Using the records below, locate all lines containing "your" and return them.
── EXTRACTED RECORDS
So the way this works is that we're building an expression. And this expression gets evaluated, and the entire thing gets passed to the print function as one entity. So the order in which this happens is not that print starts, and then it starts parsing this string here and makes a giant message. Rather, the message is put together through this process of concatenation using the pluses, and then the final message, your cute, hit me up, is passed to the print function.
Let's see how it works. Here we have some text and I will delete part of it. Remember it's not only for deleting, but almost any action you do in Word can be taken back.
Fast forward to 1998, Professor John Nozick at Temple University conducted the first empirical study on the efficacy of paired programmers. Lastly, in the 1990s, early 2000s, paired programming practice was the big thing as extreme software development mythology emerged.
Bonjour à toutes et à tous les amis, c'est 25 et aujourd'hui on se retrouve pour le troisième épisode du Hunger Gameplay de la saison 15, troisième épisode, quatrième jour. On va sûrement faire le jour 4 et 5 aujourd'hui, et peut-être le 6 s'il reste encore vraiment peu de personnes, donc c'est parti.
────
── EXTRACTED RECORDS
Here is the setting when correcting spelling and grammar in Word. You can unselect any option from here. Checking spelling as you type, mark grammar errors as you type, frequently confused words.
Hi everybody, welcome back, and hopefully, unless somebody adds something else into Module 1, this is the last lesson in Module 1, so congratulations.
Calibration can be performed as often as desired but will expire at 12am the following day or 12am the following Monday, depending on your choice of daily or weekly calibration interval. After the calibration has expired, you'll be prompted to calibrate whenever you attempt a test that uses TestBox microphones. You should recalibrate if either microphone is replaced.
────
ANSWER FOR THE TASK.
So the way this works is that we're building an expression. And this expression gets evaluated, and the entire thing gets passed to the print function as one entity. So the order in which this happens is not that print starts, and then it starts parsing this string here and makes a giant message. Rather, the message is put together through this process of concatenation using the pluses, and then the final message, your cute, hit me up, is passed to the print function.
Calibration can be performed as often as desired but will expire at 12am the following day or 12am the following Monday, depending on your choice of daily or weekly calibration interval. After the calibration has expired, you'll be prompted to calibrate whenever you attempt a test that uses TestBox microphones. You should recalibrate if either microphone is replaced.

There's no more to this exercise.